Doris Pilkington Garimara AM (born Nugi Garimara), also known as Doris Pilkington, she was best known for her 1996 book Follow the Rabbit-Proof Fence, a story of three Aboriginal girls, among them Pilkington’s mother, Molly Craig, who escaped from the Moore River Native Settlement in Western Australia and travelled for nine weeks to return to their family. The book was made into an internationally successful film in 2002, directed by Phillip Noyce.
Her follow-up book, Under the Wintamarra Tree, details her own escape from Moore River. Home to Mother is her children’s edition of Follow the Rabbit Proof Fence. In the four books, Caprice, a Stockman’s Daughter, Follow the Rabbit-proof Fence, Home to Mother, and Under the Wintamarra Tree, Pilkington documented three generations of women in her family.

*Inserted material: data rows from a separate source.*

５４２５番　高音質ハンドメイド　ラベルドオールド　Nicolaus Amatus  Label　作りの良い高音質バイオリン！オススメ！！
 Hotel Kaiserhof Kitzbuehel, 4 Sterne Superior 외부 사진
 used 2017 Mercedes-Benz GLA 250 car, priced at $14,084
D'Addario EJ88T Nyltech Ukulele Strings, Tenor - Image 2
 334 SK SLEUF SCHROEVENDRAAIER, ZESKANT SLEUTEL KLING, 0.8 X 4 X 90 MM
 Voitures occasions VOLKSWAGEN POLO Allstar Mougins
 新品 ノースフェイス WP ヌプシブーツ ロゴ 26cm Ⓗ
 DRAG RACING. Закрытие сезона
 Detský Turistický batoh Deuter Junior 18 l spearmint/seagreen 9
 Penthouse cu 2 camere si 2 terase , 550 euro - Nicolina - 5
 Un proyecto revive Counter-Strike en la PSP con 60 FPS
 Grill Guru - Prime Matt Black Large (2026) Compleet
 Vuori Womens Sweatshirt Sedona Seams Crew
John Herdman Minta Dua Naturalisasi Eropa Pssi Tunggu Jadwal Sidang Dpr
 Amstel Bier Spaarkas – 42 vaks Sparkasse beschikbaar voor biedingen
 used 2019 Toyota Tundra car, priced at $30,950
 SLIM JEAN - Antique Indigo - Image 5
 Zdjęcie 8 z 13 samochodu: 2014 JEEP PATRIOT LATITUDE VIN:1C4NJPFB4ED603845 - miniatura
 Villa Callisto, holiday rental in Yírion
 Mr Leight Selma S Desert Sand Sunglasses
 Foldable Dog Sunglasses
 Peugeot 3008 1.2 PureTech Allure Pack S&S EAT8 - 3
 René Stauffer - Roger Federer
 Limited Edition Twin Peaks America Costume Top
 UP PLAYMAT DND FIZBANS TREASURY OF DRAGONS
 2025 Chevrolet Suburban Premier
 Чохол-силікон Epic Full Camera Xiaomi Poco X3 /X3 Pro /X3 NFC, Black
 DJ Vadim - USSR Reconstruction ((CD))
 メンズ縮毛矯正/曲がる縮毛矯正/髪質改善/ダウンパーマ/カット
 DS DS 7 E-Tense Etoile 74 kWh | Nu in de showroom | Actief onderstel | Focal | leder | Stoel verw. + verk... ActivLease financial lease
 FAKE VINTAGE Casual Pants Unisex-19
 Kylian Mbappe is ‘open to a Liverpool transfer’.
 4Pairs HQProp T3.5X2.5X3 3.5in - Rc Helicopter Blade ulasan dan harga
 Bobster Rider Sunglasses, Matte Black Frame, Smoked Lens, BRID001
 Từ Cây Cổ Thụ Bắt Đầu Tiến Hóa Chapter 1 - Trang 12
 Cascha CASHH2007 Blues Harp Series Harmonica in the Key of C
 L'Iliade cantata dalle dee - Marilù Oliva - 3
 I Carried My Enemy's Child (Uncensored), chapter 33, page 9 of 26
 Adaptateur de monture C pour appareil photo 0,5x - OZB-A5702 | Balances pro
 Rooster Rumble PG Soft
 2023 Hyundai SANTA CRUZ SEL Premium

In 1990 Pilkington’s book Caprice: A Stockman’s Daughter the first of the trilogy, won the Queensland Premier’s Literary Awards, Unpublished Indigenous Writer – The David Unaipon Award. She was appointed co-patron of Australia’s State and Federal Sorry Day committee’s Journey of Healing in 2002. In May 2008 she was awarded the $50,000 Red Ochre Award.